### What the exercise asks:
In the records below, find the line containing "You're going to" and print it and every line after it exactly, through the end. Skip pictures.
[[ Supplied records, beginning ]]
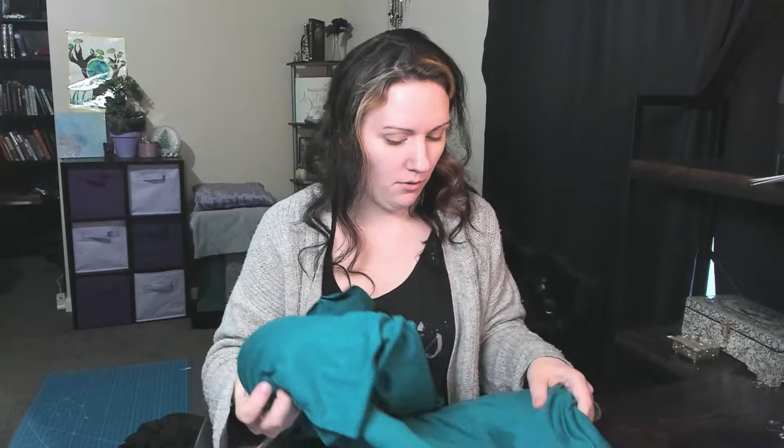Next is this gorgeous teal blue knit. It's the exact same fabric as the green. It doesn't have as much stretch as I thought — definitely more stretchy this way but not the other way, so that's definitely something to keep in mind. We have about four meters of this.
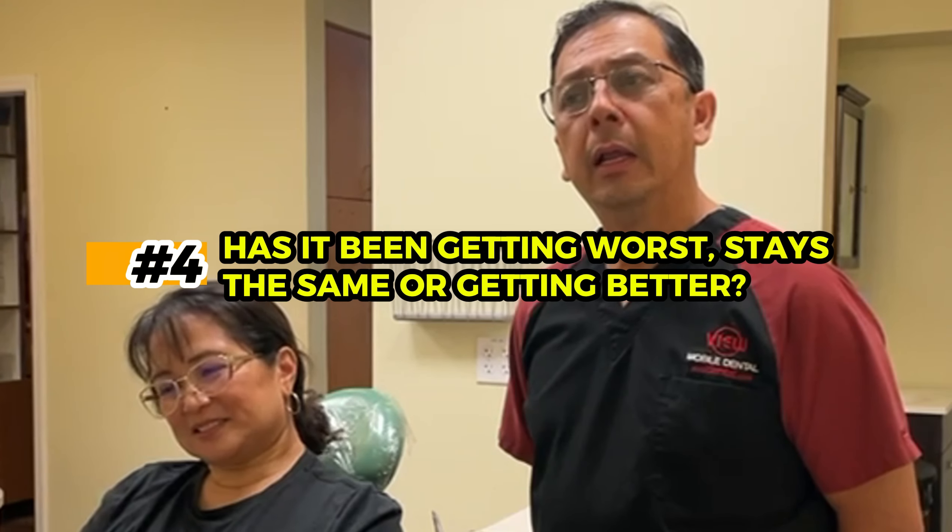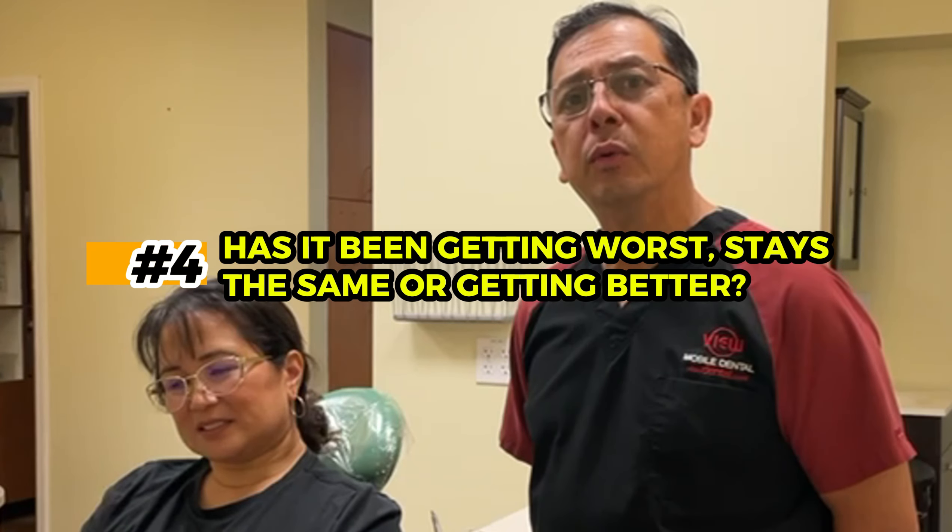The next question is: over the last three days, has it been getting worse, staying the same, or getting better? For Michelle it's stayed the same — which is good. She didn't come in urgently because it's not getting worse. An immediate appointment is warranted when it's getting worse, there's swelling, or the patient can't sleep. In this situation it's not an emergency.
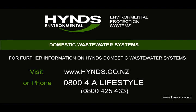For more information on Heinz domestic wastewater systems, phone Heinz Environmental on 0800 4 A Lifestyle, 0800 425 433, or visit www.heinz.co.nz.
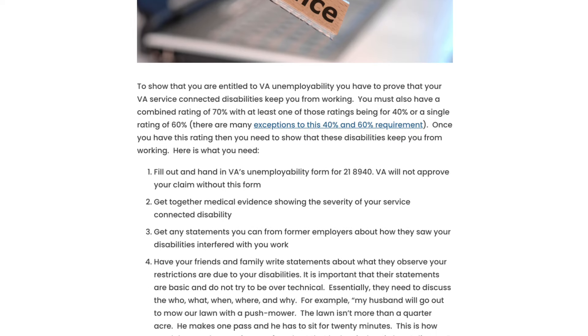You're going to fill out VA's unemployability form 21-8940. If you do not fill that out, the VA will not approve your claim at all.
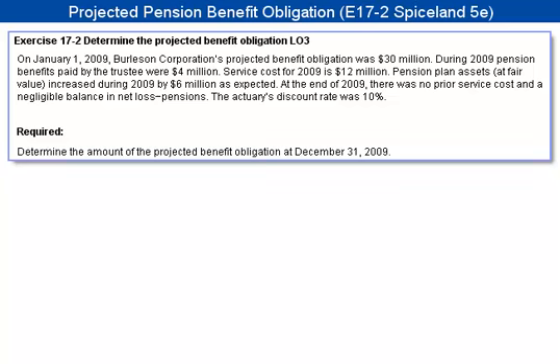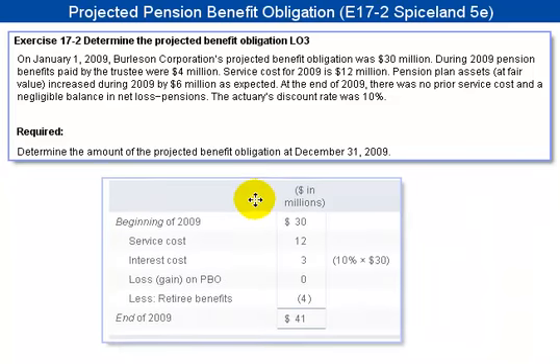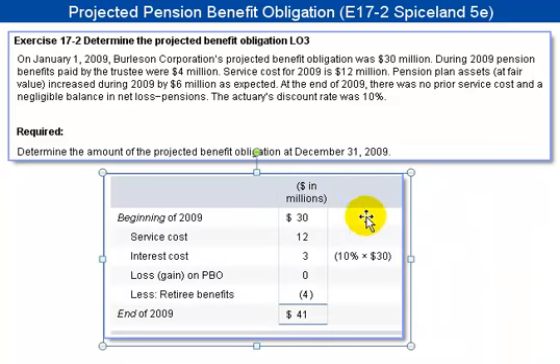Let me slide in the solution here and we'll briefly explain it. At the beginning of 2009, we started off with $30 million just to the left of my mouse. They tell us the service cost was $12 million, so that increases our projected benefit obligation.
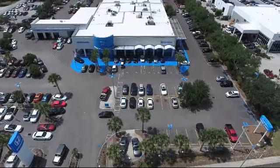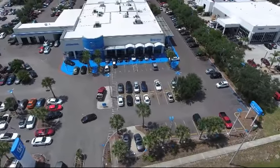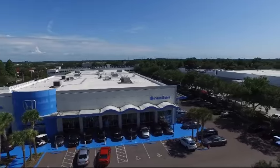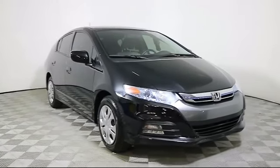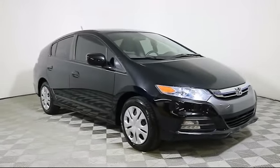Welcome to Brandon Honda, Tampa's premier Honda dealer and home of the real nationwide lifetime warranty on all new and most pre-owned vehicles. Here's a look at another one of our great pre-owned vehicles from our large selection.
[[ Supplied records, end ]]
### Solution below:
You're going to fill out VA's unemployability form 21-8940. If you do not fill that out, the VA will not approve your claim at all.
Let me slide in the solution here and we'll briefly explain it. At the beginning of 2009, we started off with $30 million just to the left of my mouse. They tell us the service cost was $12 million, so that increases our projected benefit obligation.
Welcome to Brandon Honda, Tampa's premier Honda dealer and home of the real nationwide lifetime warranty on all new and most pre-owned vehicles. Here's a look at another one of our great pre-owned vehicles from our large selection.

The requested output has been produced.